Cuchlainn a écrit :Cependant, quelque chose m'échappe : pourquoi avoir tué Himmler (un imbécile, parlant par respect) et non Göring ? Pourquoi avoir laissé celui-ci faire son numéro de propagande devant ses juges - qui lui vaudront des flots de télégrammes de sympathie de la population allemande ?
Churchill était donc sûr qu'à cette date tout danger était écarté ?
Je vois au moins trois raisons :
-en zone américaine, il ne craint rien;
-il ne va pas à Flensburg tourner autour de Dönitz;
-il n'a pas à sa disposition, du moins officiellement, l'appareil SS et le Wehrwolf, une organisation dont la propagande nazie a dit qu'elle allait pratiquer des vengeances au long cours en cas de chute du Reich.
Pour mieux éclairer les choses, je peux prendre un exemple internautique.
Ce débat a lieu simultanément sur plusieurs forums. Il y en a où je peux m'exprimer librement, sans crainte d'une modération partiale à mon encontre, d'autres non : je passe mon temps à materner les modérateurs en me demandant où va se situer la frontière entre leur bon sens et leur partialité.
Par exemple ici je viens de me faire censurer :
http://www.livresdeguerre.net/forum/con ... ndex=36309
On me reproche, en un e-mail type, un manquement à la charte qui n'est pas précisé, et pour cause. Il est vrai qu'on ne dit pas carrément que j'y ai manqué, mais qu'il en a été jugé ainsi, ce que je ne saurais contester ! Mon crime ? pour une fois je ne répondais pas à mon contradicteur attitré mais prenais à témoin les autres visiteurs en leur signalant que, tant qu'ils toléraient les attaques personnelles en renvoyant dos à dos leurs auteurs et leurs cibles, il ne fallait pas s'étonner qu'elles se perpétuassent.
Eh bien l'Allemagne en 1945, c'est pareil, on ne peut pas tout se permettre partout.
Churchill était fort mécontent qu'on offrît à Göring la tribune de Nuremberg. Il a fini cependant, après coup, par estimer que le procès avait été une bonne chose. Voici ce que j'en dis dans mon livre, p. 241 :
Winston Churchill, qui aurait voulu laisser aux historiens la charge entière de la preuve, reconnaît, lors d’un déjeuner chez lord Mountbatten, le 30 juillet 1946:
qu’il n’avait eu aucune idée, pendant la guerre, de l’échelle des crimes allemands telle que l’ont révélée les preuves produites à Nuremberg et que, bien qu’il ait eu des doutes sur ce procès au commencement, il pensait maintenant qu’il était tout à fait justifié.

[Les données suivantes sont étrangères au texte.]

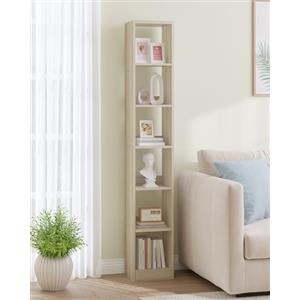 Hzuaneri Libreria a 6 Ripiani, 24 x 30 x 183 cm, Rovere | Scaffale Libreria, Per Soggiorno Studio Ufficio Camera da Letto, BC09616X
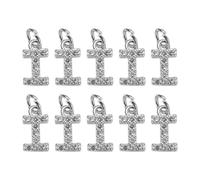 sourcing map Rhinestone Letter Charm, 10pcs Crystal Zirconia Copper Alphabet I Pendants Slider Letter Charm for Wristbands Bracelets Necklace Jewelry Earring DIY Craft, Silver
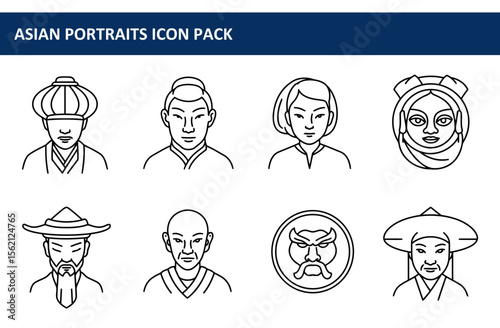 Asian Portraits Icon Pack showcasing diverse ethnicities in traditional clothing/headwear.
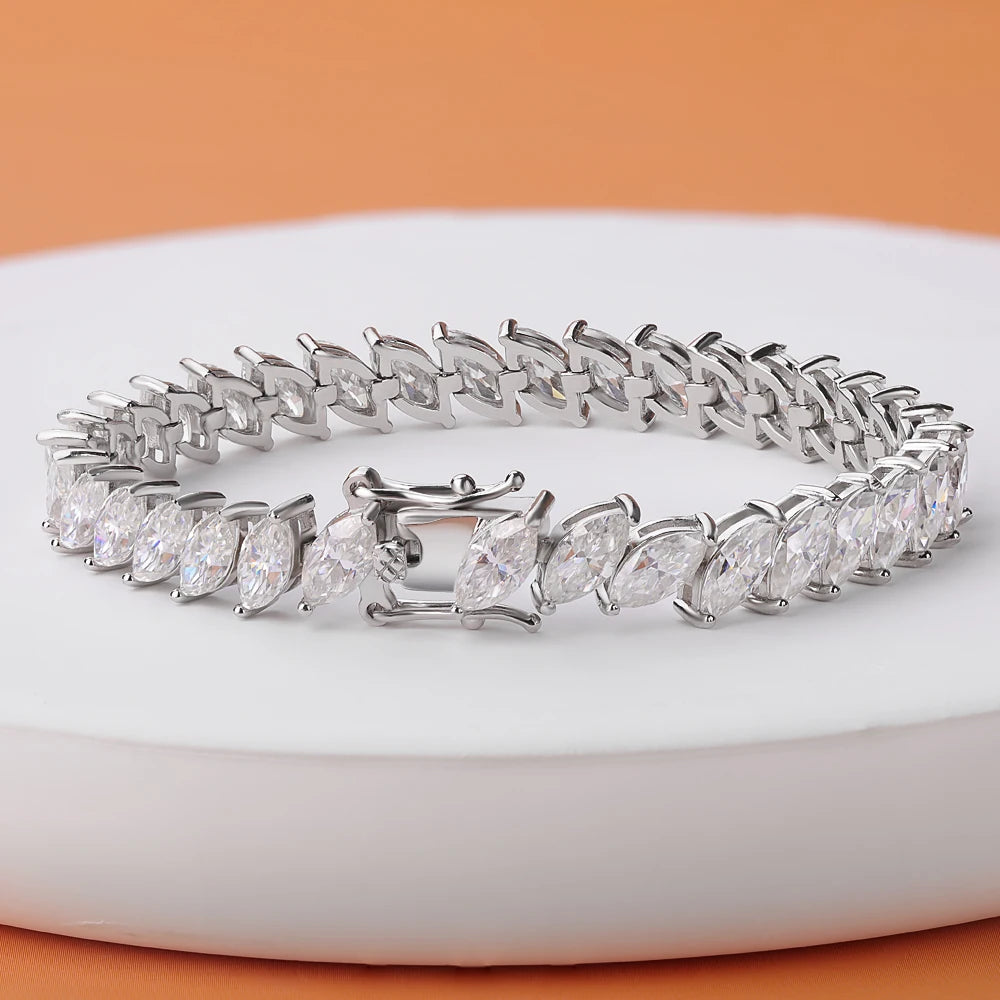 0.5CT Marquise Cut Moissanite Tennis Bracelet For Women 925 Sterling Silver Party Hand Chain Lab Diamond 18K Plated Gift Jewelry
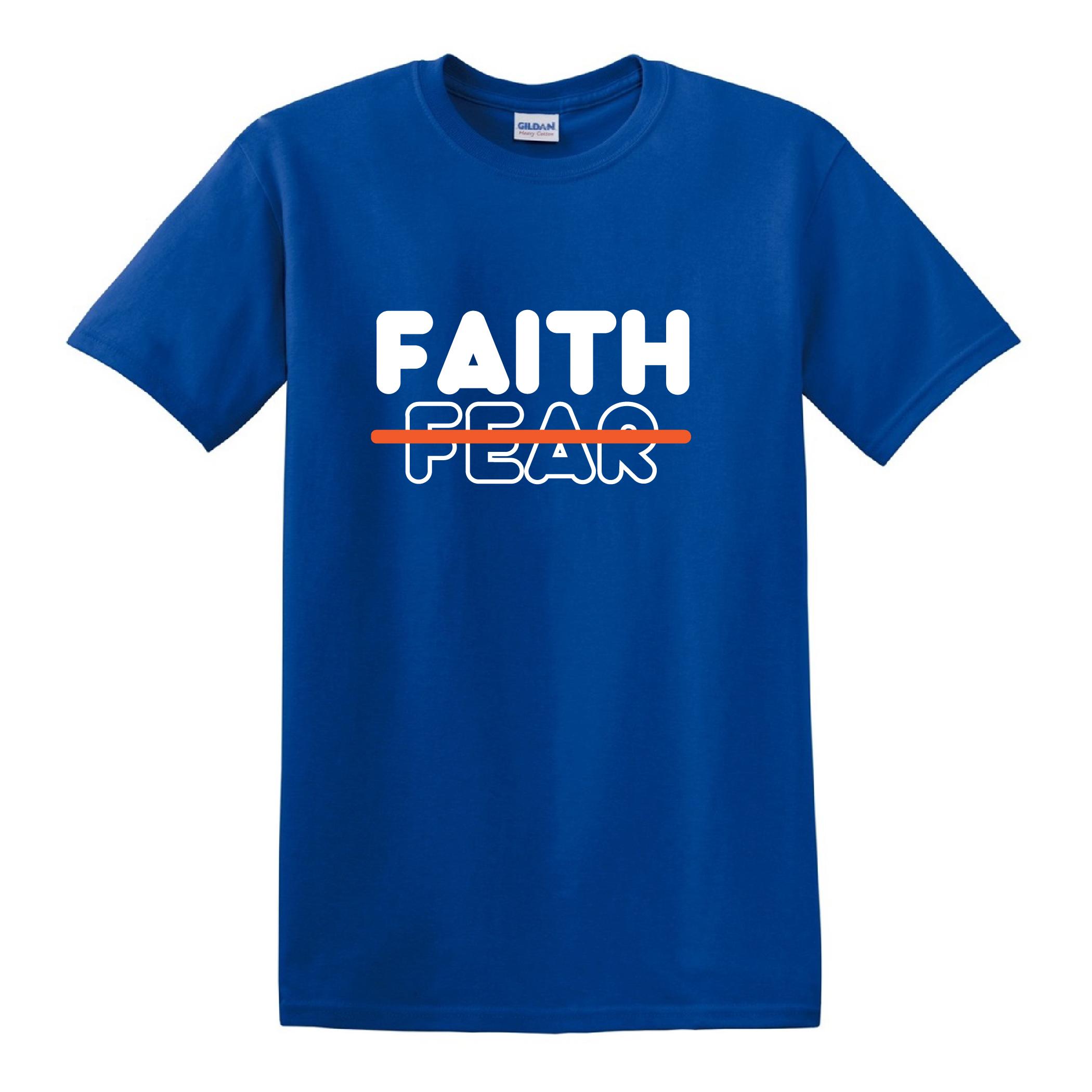 Faith Over Fear Tshirt-Blue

Cela était dû pour une bonne part à l’attitude lamentable des accusés. S’il avait été dans le box (et il y aurait certainement été si la guerre avait tourné autrement), il aurait eu pour ligne de défense : ’Nous ne reconnaissons pas la compétence de votre tribunal. Nous attendons notre jugement du peuple allemand, au service duquel nous étions, d’ici vingt ou trente ans. Vous avez gagné la guerre, vengez-vous de nous comme vous l’entendez. Nous ne vous reconnaissons aucune autorité pour juger des droits de l’Etat allemand’. Mais sans doute l’ampleur des crimes a surpris les accusés eux-mêmes .
On ne saurait mieux dire. Le fait que tous, sans exception, d’une part aient reconnu que de grands massacres, sans nécessité militaire, avaient été commis par des ressortissants allemands sur l’ordre de leur gouvernement, d’autre part aient désavoué ces actes en les imputant au couple Hitler-Himmler (avec une infinité de variantes sur l’initiative de chacun), est riche d’enseignements sur la nature de ce régime et sur les faits eux-mêmes.